“建军啊,现在这光景可不宽裕,今天就算了,往后可別买这么多,钱不好挣。”
三大妈一边说,一边瞅著陈建军买回来的排骨和猪脚,那都是挑剩下的部位。
还有个圆滚滚的大西瓜。西瓜是好东西,水多又甜,可也贵啊,一斤三四毛,一个瓜下来,少说一两块,多则三四块。好傢伙,这一下子就吃进去一个人小一个月的口粮,谁看了不心疼?
“再说买这么多,天眼见著热了,放不住,容易坏。”三大妈嘴里絮叨著,手里却没停。
本来陈建军想自己动手做饭,他对吃还挺讲究。可三大妈死活要帮忙,他也没法推。
看见陈建军净买些骨头架子,三大妈实在没忍住念叨起来。
陈建军听了只是笑笑,没接话。看三大妈端著盆去院子里的水龙头下冲洗,他便和旁边的三大爷阎埠贵聊开了。
主要问问这四年院里院外都有啥变化。
“隔壁院那个梁拉娣,前阵子她男人病没了,现在一个女人拉扯仨儿子一个闺女,难啊……”

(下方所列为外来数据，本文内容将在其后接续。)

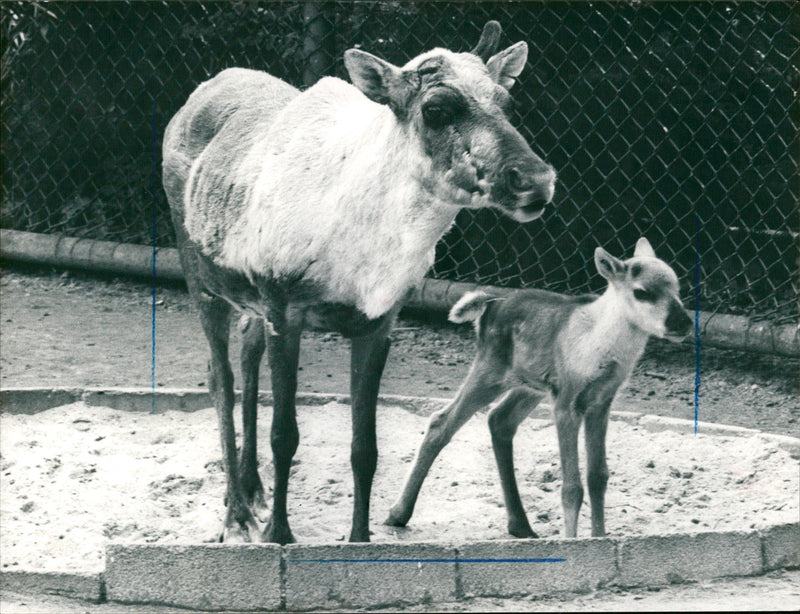 1987 ANIMALS REINDEER AFTER CHERNOBYL DISASTER THEY HAD GOTTEN TOO MUCH RADI - Vintage Photograph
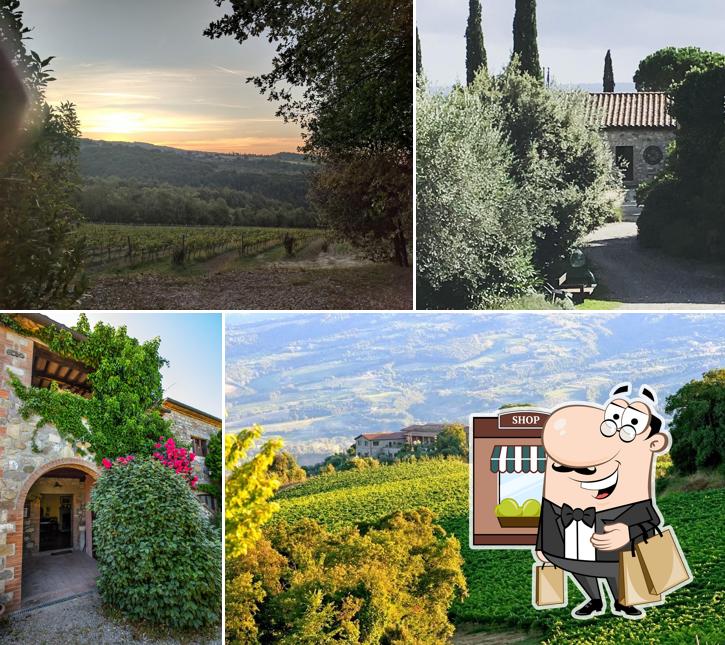 Osteria di vitalonga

三大爷说著直摇头,不过话锋一转,“但这女人也真行,听说前阵子考上了五级焊工,一个月工资六十一块五,往后的日子可就好过嘍。”
说到这工资数,三大爷语气里透著掩饰不住的羡慕。
在这院里三位大爷里,就数他阎埠贵工资最低,一个八级小学教师,月薪三十七块。家里六口人,日子过得紧巴巴,算计著每一分钱。
阎埠贵这人抠门爱算计,一是日子紧巴巴,二是本性就这德行。
不过他不算坏人,没真坏心思——这也是陈建军请他吃饭的原因。另外,陈建军也不想在院里孤军奋战,拉人不树敌,反正没仇也没成本,顺手的事而已。
聊著天,陈建军摸出包大中华,不是特供的,是市面上仅有的带过滤嘴的烟。
他上辈子就是老菸民,这两年又抽上了,嘴刁得很,只认这种。大中华七毛二一包还得要票,他在哈工大没少托人换烟票,平时抽得省,抽一包少一包。
一旁的三大爷瞅见大中华,眼睛一下亮了:“这可是好东西!大中华啊,我就见过一次,带过滤嘴的,听说味道绝了……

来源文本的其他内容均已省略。